La crise sanitaire n’a pas inventé le télétravail. En 2005, pour faire face aux désirs des employeurs et des travailleurs d’avoir recours à cette forme d’organisation du travail une convention collective de travail (CCT n°85) a été adoptée. Elle organise le télétravail dit structurel. Elle vise le travail effectué, de manière régulière et non occasionnelle, hors de locaux de l’association. « Modernité », « autonomie », « conciliation entre vie privée et vie professionnelle » ont guidé la rédaction de la CCT. Ce n’est qu’en 2017 que le législateur a adopté une loi pour régir le télétravail dit occasionnel qui vise les situations non régulières de travail en dehors des locaux de l’association. Pendant les jours de rendez-vous médicaux, de grèves et d’intempéries soudaines, les employés peuvent désormais travailler depuis leur domicile.
Depuis le mois de mars 2020, le télétravail est passé d’obligatoire à « fortement recommandé » avant de redevenir obligatoire. Et il faut bien admettre que ni le télétravail structurel ni le télétravail occasionnel n’était parfaitement adapté à la situation.
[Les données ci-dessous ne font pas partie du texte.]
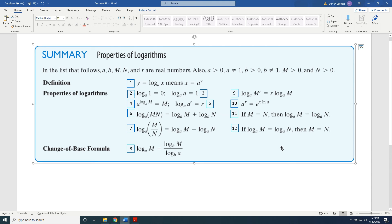You will be expected to memorize these 12 properties. However, you will find that you will use them so often that memorizing them is actually a very easy task. So we begin our discovery of these properties by completing problems that allow us to learn how to use any of the 12 properties.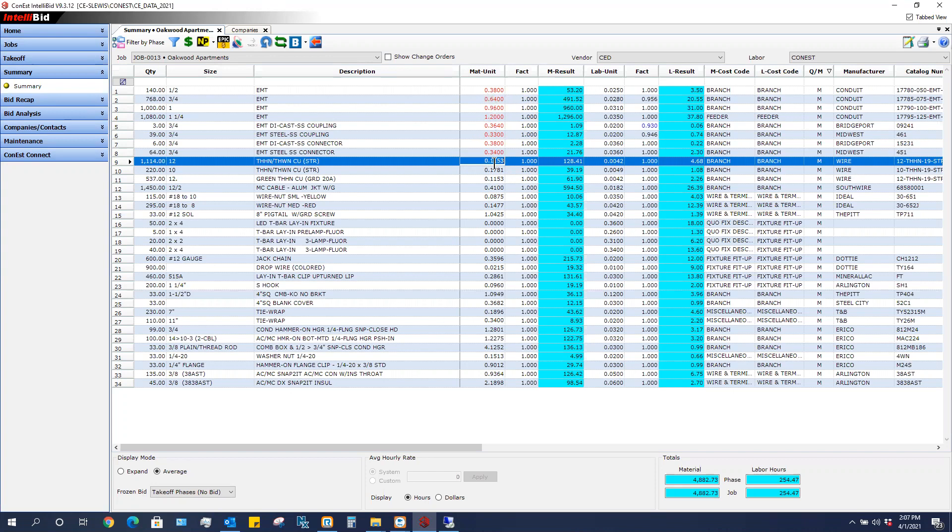In this instance, I want to save these prices back to my master database. So I've typed in some new prices or I imported them in however I got them here. My vendor is CED.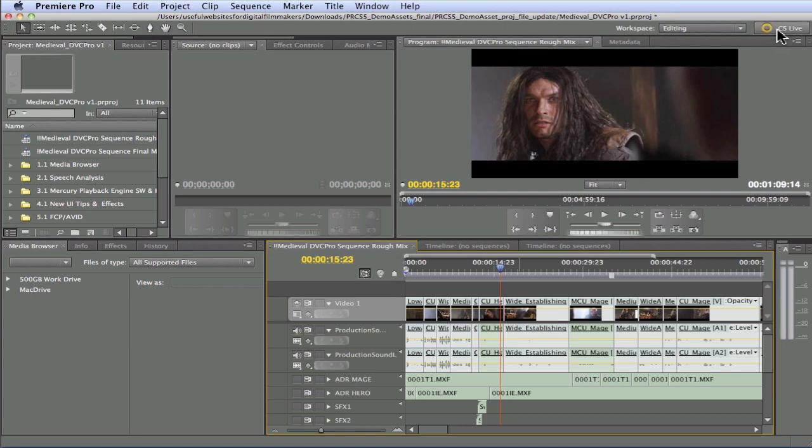So one other thing in Premiere here that I want to show you before we go too much further is that within Premiere itself, up in the upper right-hand corner here, you'll notice there's a CS Live button. And if I go ahead and click on the CS Live button,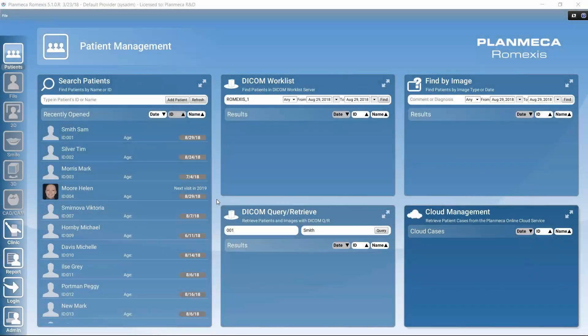In this tutorial we will take a look at Print Editor in PlanMeka Romexis software. Print Editor is a tool with which we can make custom printouts with the patient's images. We can also determine our own layouts for the printouts, so we can always make printouts with specific layouts defining how the images are organized. Let's start by seeing how we can add images to printouts.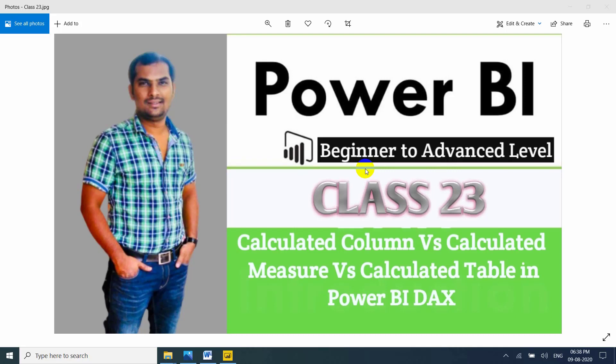Hi friends. In this session, I am going to explain about Calculated Column and Calculated Measure and Calculated Table in Power BI DAX.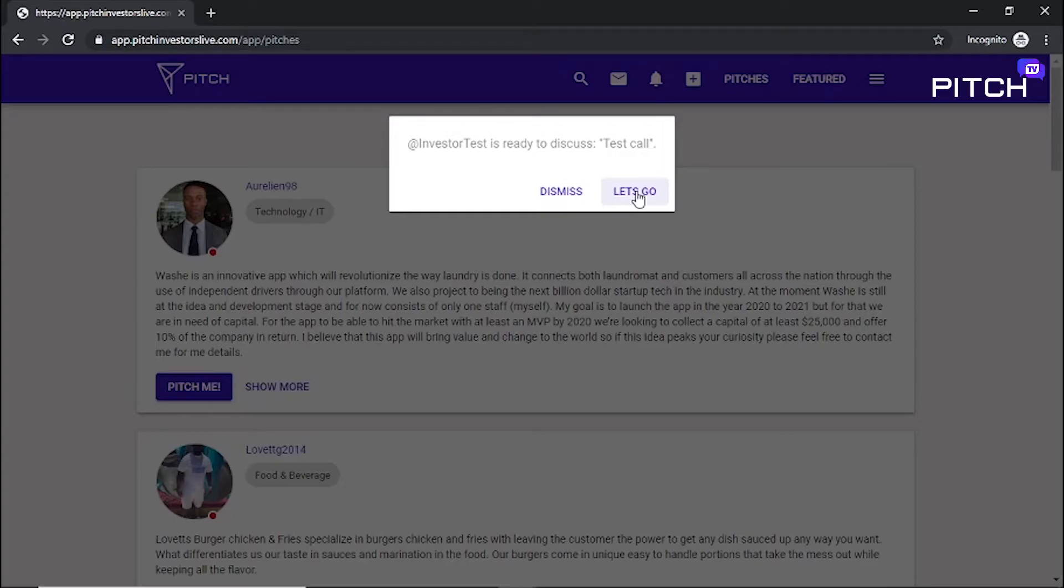If you like what you've heard and wish to continue the conversation, let the entrepreneur know and we'll connect you after the pitch.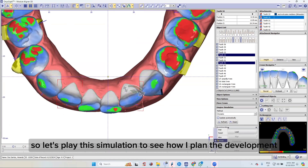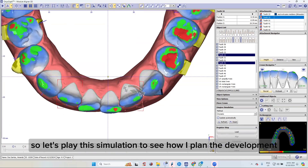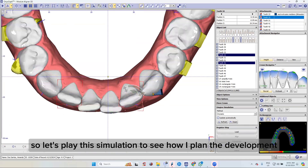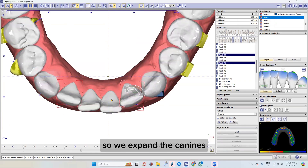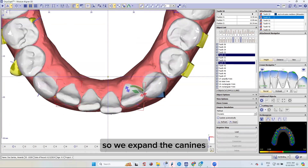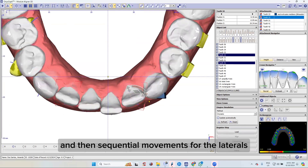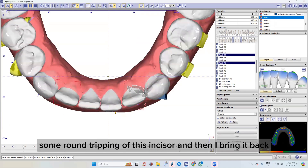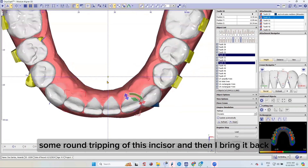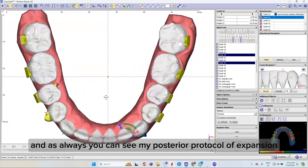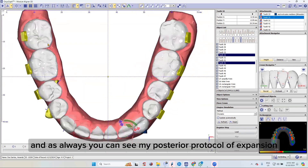Let's play this simulation to see how I plan the movements. We expand the canines and then sequential movements for the laterals. I'm round tripping this incisor and then I bring it back.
Car un des principes de base du télétravail est son caractère volontaire. Pour le télétravail structurel, la CTT impose qu’une convention soit rédigée relative à l’organisation du travail (indemnité, nombre de jours de télétravail, matériel disponible…). Pour le télétravail occasionnel, les conditions de sa mise en place peuvent être intégrées dans le règlement de travail. La procédure est plus simple. La demande émane du travailleur. L’employeur peut refuser mais il doit motiver sa décision. La crise sanitaire enlève ce caractère volontaire en ce qu’elle impose à toutes les parties d’y avoir recours.
Coûts et assurance du télétravail. Autre enjeu : les coûts et assurance du télétravail. S’il n’y a aucune obligation de paiement d’indemnités dans l’hypothèse d’un télétravail occasionnel, les règles sont différentes pour le télétravail structurel. Il appartient à l’employeur de payer les frais liés à la connexion et d’intervenir dans un dédommagement en cas d’utilisation du matériel privé de l’employé (1). La question du dédommagement des frais s’est beaucoup posée dans le cadre du « télétravail corona ». Le Spf emploi, travail et concertation sociale répond en ces termes : « l’employeur est tenu de fournir au télétravailleur les équipements nécessaires au télétravail, de les installer et de les entretenir et qu’il indemnise ou paie les coûts des connexions et communications liées au télétravail. Si le télétravailleur utilise ses propres équipements, les frais d’installation des programmes informatiques, les frais de fonctionnement et d’entretien ainsi que le coût de l’amortissement de l’équipement, liés au télétravail, incombent à l’employeur» (2).
Sur les questions d’assurance. Chaque employeur est tenu de souscrire une assurance relative aux accidents du travail. Lorsqu’un employé travaille depuis chez lui, la question du caractère privé ou professionnel d’un accident peut intervenir. La loi sur les accidents du travail prévoit que le télétravailleur sera couvert en cas d’accident de travail, lors du trajet entre son domicile et l’école de ses enfants, lors d’un trajet sur le temps de midi pour acheter son repas. Il est dès lors important de rédiger un écrit qui autorise le télétravail en mentionnant le domicile du télétravailleur ainsi que ses horaires de travail3.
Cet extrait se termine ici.